OK, Aspen had a big and well received trading update on Friday and Paul said something that made sense. He said, now that was better worded than the Discovery one. And the reason being that the company points out that for the purposes of reporting whilst the company is in acquisitive growth is a measure of diluted normalised earnings per share. But the company points out the following, to help you understand: "DNHEPS from continuing operations comprises diluted headline earnings per share adjusted for specific non-trading items. DNHEPS is the primary measure used by management to assess Aspen's underlying financial performance."


It makes sense, but I can hear the purists howling and I side with them for the purposes of trying to value the business. With so many different account moving parts, why should you neglect the costs associated with the conversion of preference shares to ordinary shares. That is of course a dilution and by extension carries a cost to existing shareholders, regardless of whether that is a once off or not. But for the purposes of the trading update and the reflection to the rest of the market, a 26 to 33 percent increase in their DNHEPS (diluted normalised headline earnings per share) from continuing operations is pleasing. And the market reacted positively, reflecting this, the stock rallied 4.4 percent to close a cent shy of 236 ZAR a share.

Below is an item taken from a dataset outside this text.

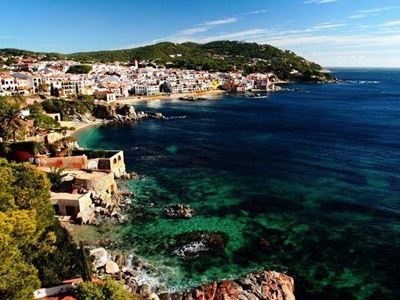 Spain regains world number 3 spot for tourists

The results will be released on the 11th of September this year. Last year, the same comparable number was 636.2 cents. In the middle of the range, an increase of 29.5 percent, that will translate for the full year earnings through to 823.9 cents. And the stock at 236 ZAR? Expensive? For sure, but in life you almost always pay for quality, and a company of this nature that is growing so quickly perhaps a 28 multiple might seems excessively steep, but the other measure, price to earnings over growth rates (PEG ratio), that is closer to 1 times. Which means that it is about in the middle of the range. Because relative to their South African peer (that is all now, and perhaps no longer) the stock is expensive.


But ...... Both Glaxo and Sanofi command 20 plus earnings multiples, Dr. Reddy's too. Even some of the older and well established types are close to a 20 multiple, Pfizer and Novartis command a 19 plus multiple. For a very fast growing emerging market generic company, perhaps it is not as wildly expensive as you might think.